Since moving from Riverside in 1991, the Mavericks have had seven different affiliations, and are about to embark on their eighth, when the Texas Rangers come to town for 2015. And that doesn’t include the two years they were a co-op team in 1994-95 and had players from several organizations on their squad.
The California League is for players early on in their career path and that’s how two of this year’s World Series opponents: San Francisco Giants manager Bruce Bochy and Kansas City Royals slugger Billy Butler ended up there.
But Bochy was there in 1991, as a manager for the San Diego Padres’ affiliate trying to work his way up. He had a successful career as a player, but was just starting out as a manager.
It was actually his second season in the league, having managed the predecessor to the Mavericks, the Riverside Red Wave to a 64-78 record in 1990. In 1991, he was back, led the Mavericks to a decent but not overwhelming 73-63 record, then led them to an impressive playoff run (sound familiar?), by beating Mike Piazza, Pedro Martinez and the Bakersfield Dodgers (85-51) amnd then beating the Stockton Ports in the finals, who had beaten 92-44 San Jose in the semifinals.

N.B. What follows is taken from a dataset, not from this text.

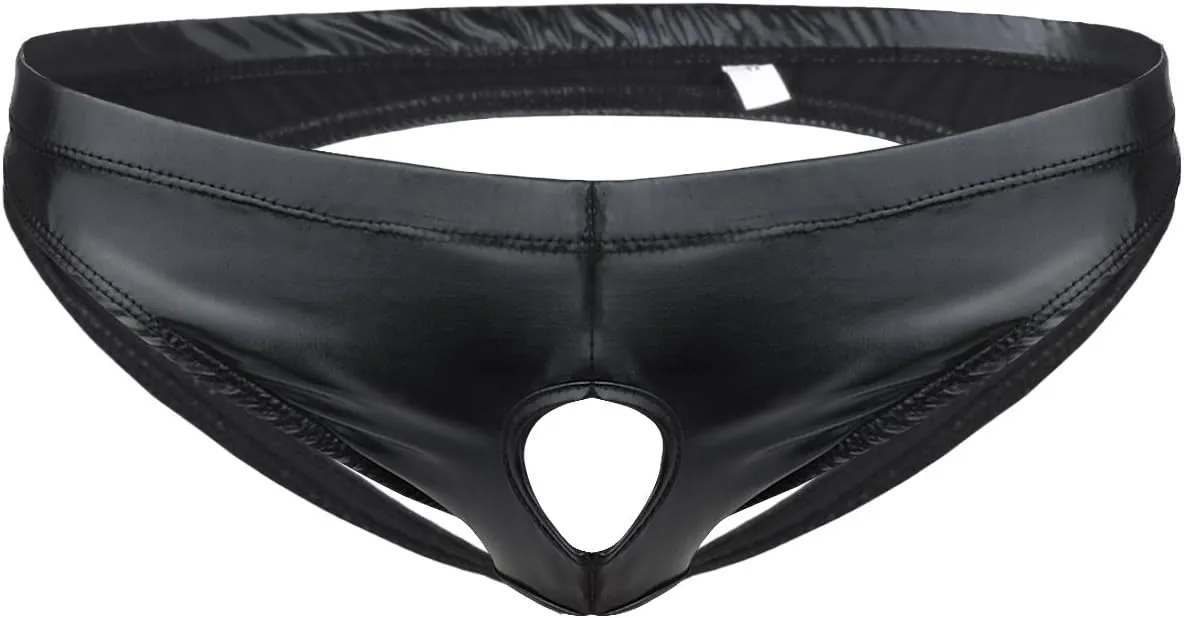 Mens PVC Patent Leather Wet Look Front Hole Briefs Jockstrap Underwear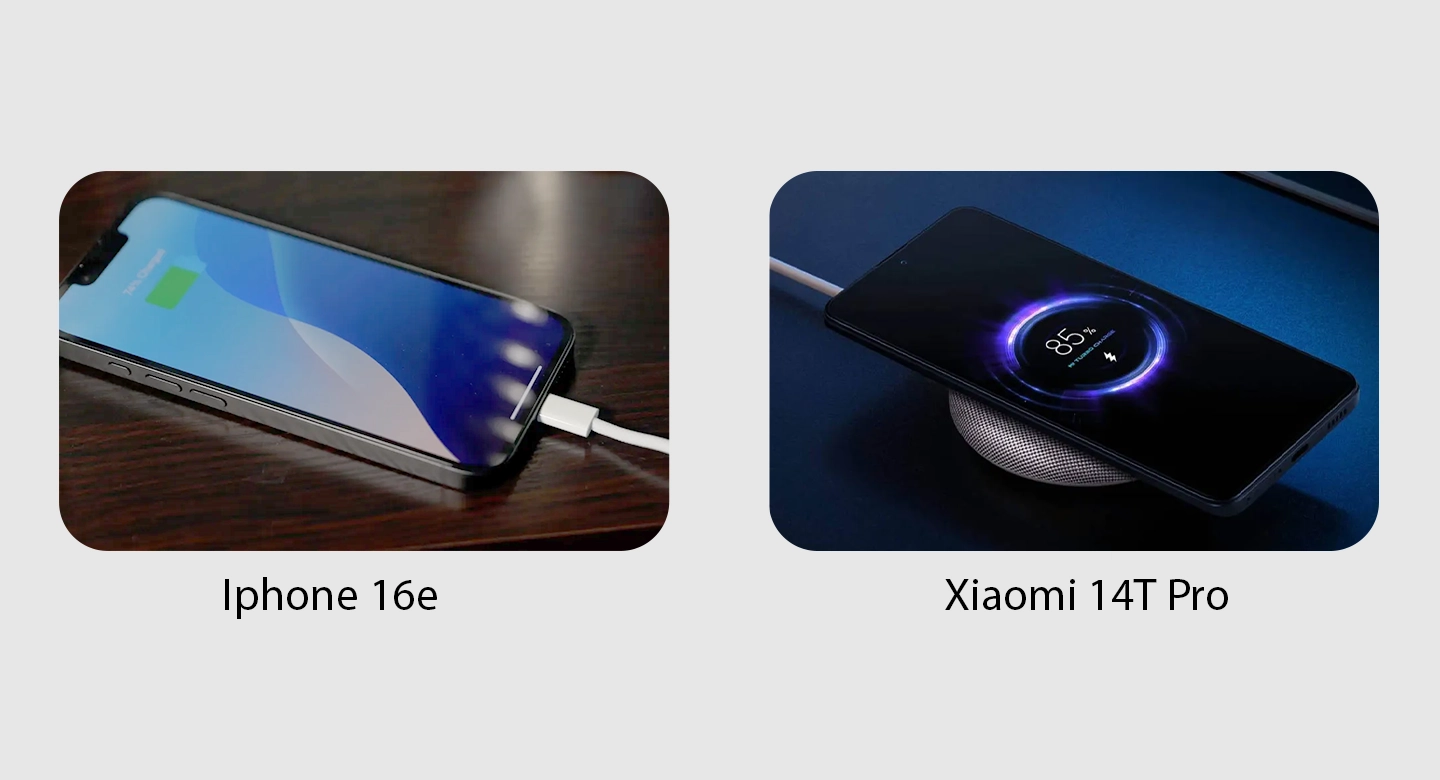 مقایسه طول عمر باتری و سرعت شارژ آیفون 16e با شیائومی 14T pro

I covered that team. It was my first real beat and I loved it. Bochy was patient with me (I was still in college and didn’t really understand how the minor leagues worked). While I was aware of how good Bochy was, most of my focus was on the rest of the team. But while Matt Mieske, Jay Gainer and J.D. Noland will be remembered by fans of the ’91 Mavs, they aren’t remembered for their careers. As it turned out, Bochy was the best prospect on that team.
Billy Butler was with the Mavericks in 2005, in their first season of a two-season affiliation with the Royals. Butler was a young 19-year-old kid with a ton of power (25 home runs in 379 at-bats), but no position to play. They tried him at third base, but that didn’t last long. He made 18 errors in 41 games at third, including four in one game that I witnessed personally. Shortly thereafter, they moved him to left field, where he could hit, but still couldn’t field: Among players with at least 18 games played in the outfield, he was last with a .932 fielding percentage. But he could still hit, and he had a decent eye, with 42 walks in 92 games and a .348 batting average his OPS of 1.054. As it turned out, his power was not High Desert-created. It was legit. And like Bochy, he was the biggest prospect on the team.
Now they’re facing each other. The 6-4, 245-pound Bochy and the 6-2, 225-pound Butler. Opponents in the World Series. Forever connected by Adelanto.